- Directed by: William Witney
- Screenplay by: Lillie Hayward
- Story by: Heck Allen
- Based on: Santa Fe Passage 1952 story by Clay Fisher
- Produced by: Sidney Picker
- Starring: John Payne Faith Domergue Rod Cameron
- Cinematography: Bud Thackery
- Edited by: Tony Martinelli
- Music by: R. Dale Butts
- Color process: Trucolor
- Production company: Republic Pictures
- Distributed by: Republic Pictures
- Release date: May 12, 1955;
- Running time: 90 minutes
- Country: United States
- Language: English

= Santa Fe Passage =

1955 film by William Witney

Santa Fe Passage is a 1955 American Western film directed by William Witney and starring John Payne, Faith Domergue and Rod Cameron.

==Plot==
Kirby Randolph is a veteran scout who comes to hate all Indians after being betrayed by a Kiowa chief called Satank, whose massacre killed many men and ruined Kirby's reputation. Kirby and his partner Sam Beekman are offered work by Jess Griswold, who believes a man deserves a second chance. Kirby immediately demands that an old Indian woman, Ptewaquin, be ordered off the wagon train, but her young companion Aurelie St. Clair refuses to part ways with her.

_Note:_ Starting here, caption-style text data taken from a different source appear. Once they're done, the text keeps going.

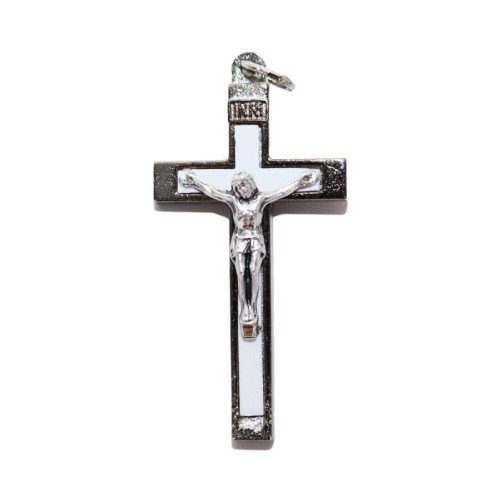 Croix de cou en métal couleur argentée emmaillé avec Christ H. 4.5 cm. Plusieurs couleurs..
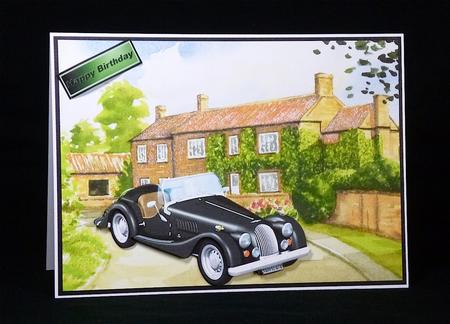 Country Cottage with Silver Vintage Car by Denise Murray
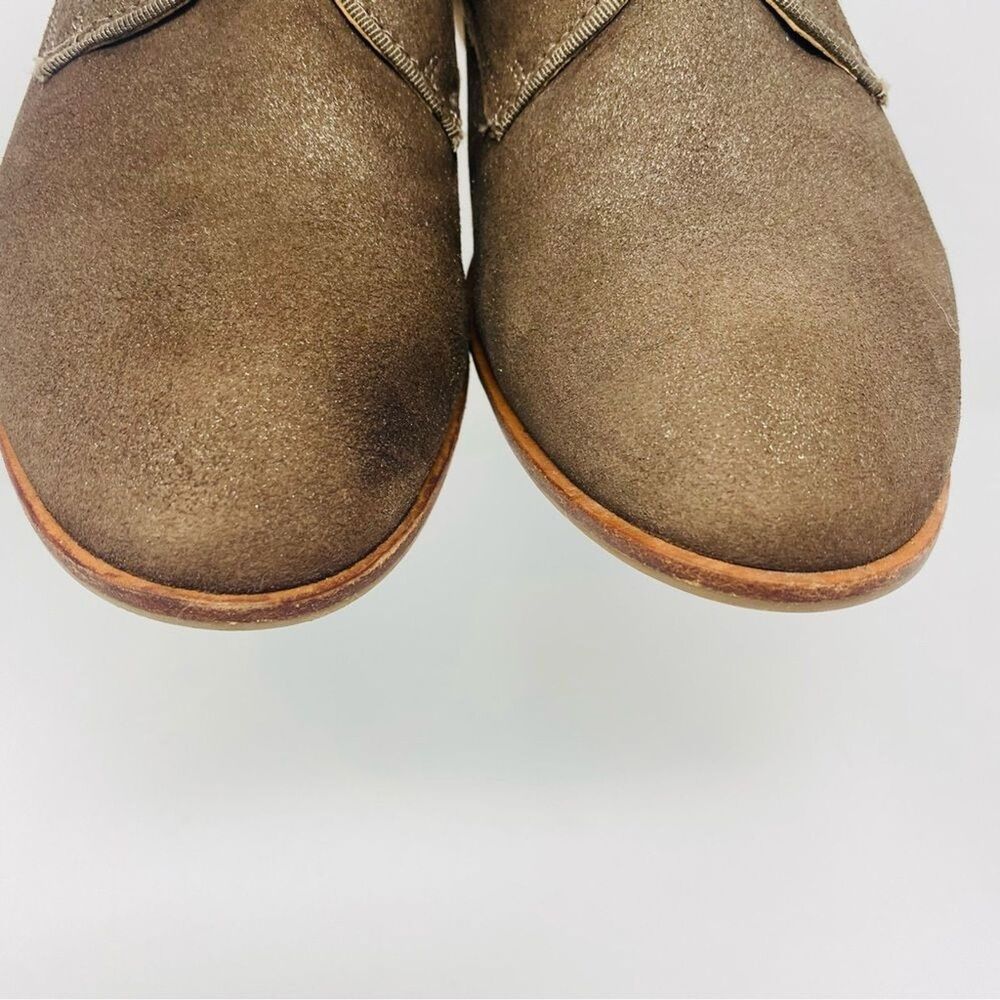 GH BASS 8 Ella Taupe Brown Leather Shimmer Suede Oxford Shoes Academia Y2K* - Picture 11 of 16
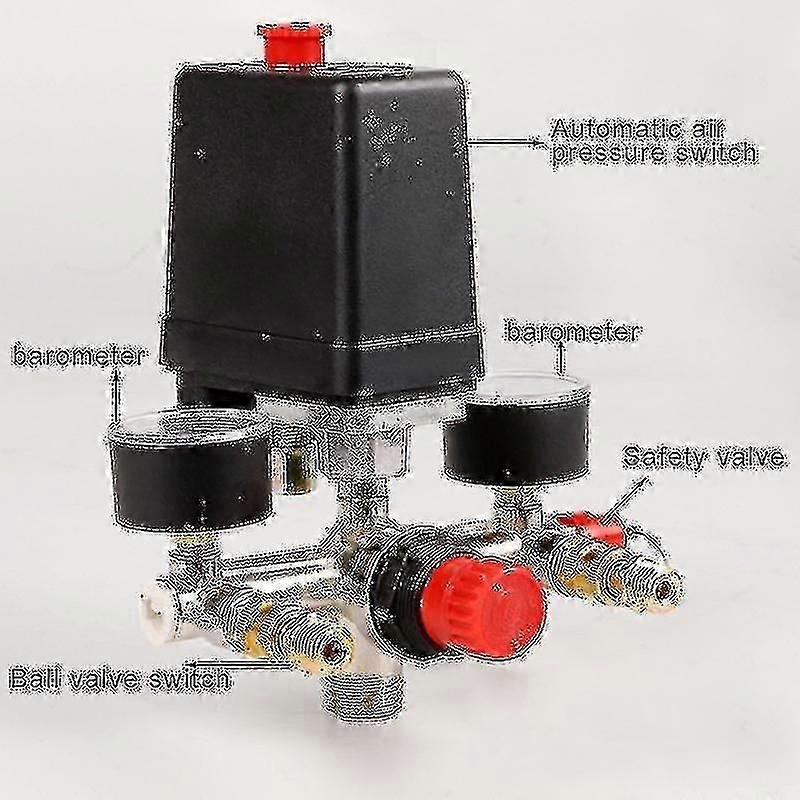 90-120psi Air Compressor Manifold Regulator Gauges Pressure Durable Switch Control
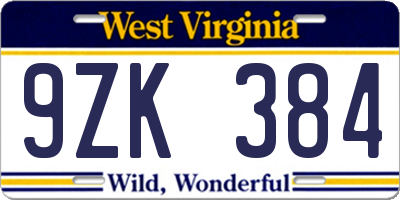 WV license plate 9ZK384
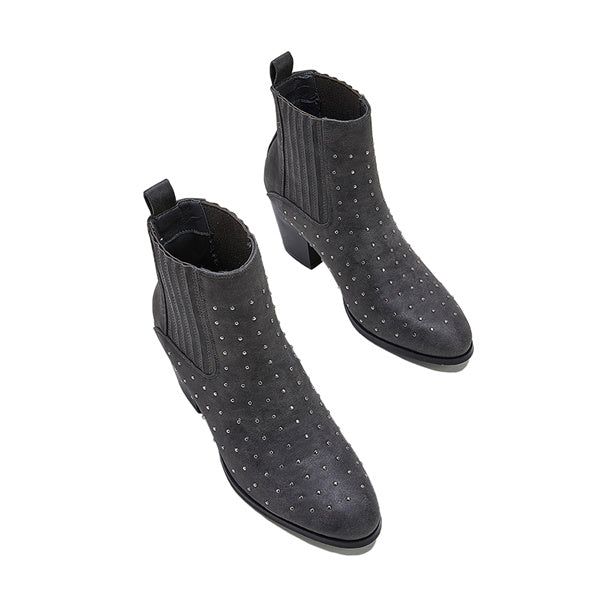 Corashoes Studded Decor Suede Boots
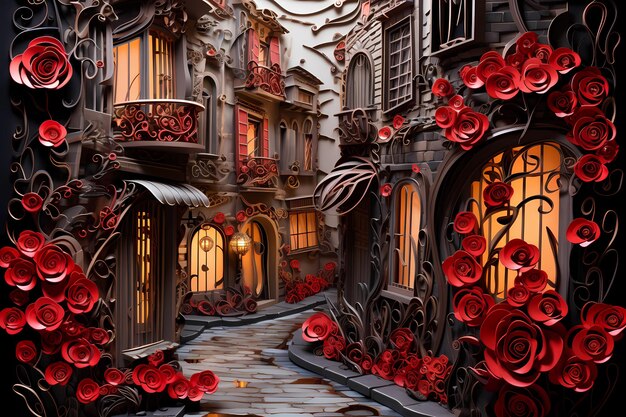 Foto ilustração de paisagem de quilling de papel de uma rua de cidade vintage com rosas vermelhas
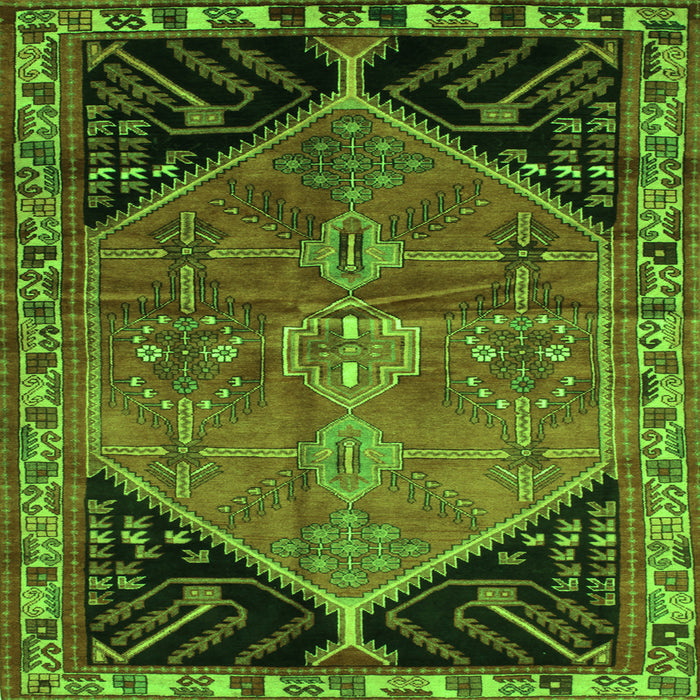 Serging Thickness of Persian Green Traditional Rug, tr299grn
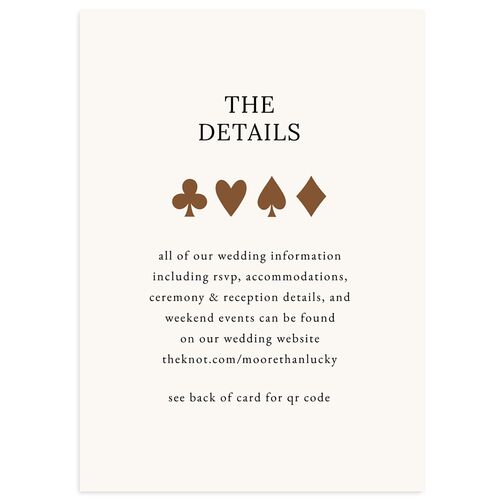 Las Vegas Playing Card Wedding Event Detail Cards Walnut Signature Standard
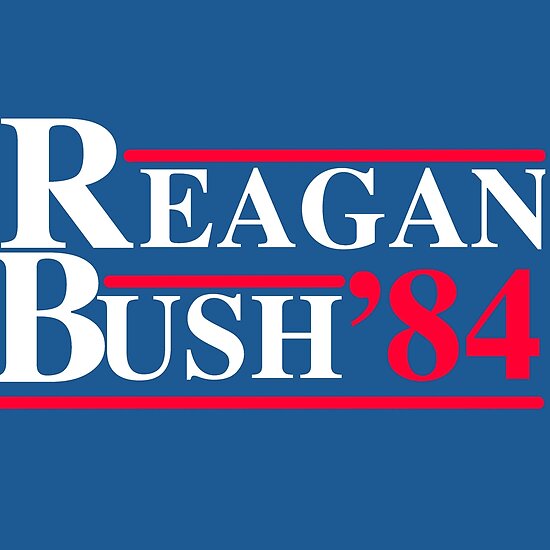 "Reagan Bush '84 Retro Logo Red White Blue Election Ronald 1984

Aurelie has a half-interest in a shipment of ammunition being delivered to Mexican soldiers. The antagonism between her and Kirby changes to a mutual attraction after Kirby heroically saves several lives along the trail.

Jess, who also loves Aurelie, picks a fight with Kirby by disclosing that the girl is a "half-breed." The two men's differences are forgotten during an attack by Satank's men. A broken leg slows Jess, who volunteers to remain behind and keep fighting while the others escape.

Kirby ends up face-to-face with Satank, who is about to kill him when the old woman, Ptewaquin, saves him by killing the Indian chief at the cost of her own life. Kirby discovers that the woman was Aurelie's mother. His hatred gone, he and Aurelie plan to be married in the manner of her mother's people.

==Cast==
- John Payne as Kirby Randolph
- Faith Domergue as Aurelie St. Clair
- Rod Cameron as Jess Griswold
- Slim Pickens as Sam Beekman
- Irene Tedrow as Ptewaquin
- George Keymas as Chief Satank
- Leo Gordon as Tuss McLawery
- Anthony Caruso as Chavez

==Production==
Parts of the film were shot in Snow Canyon State Park.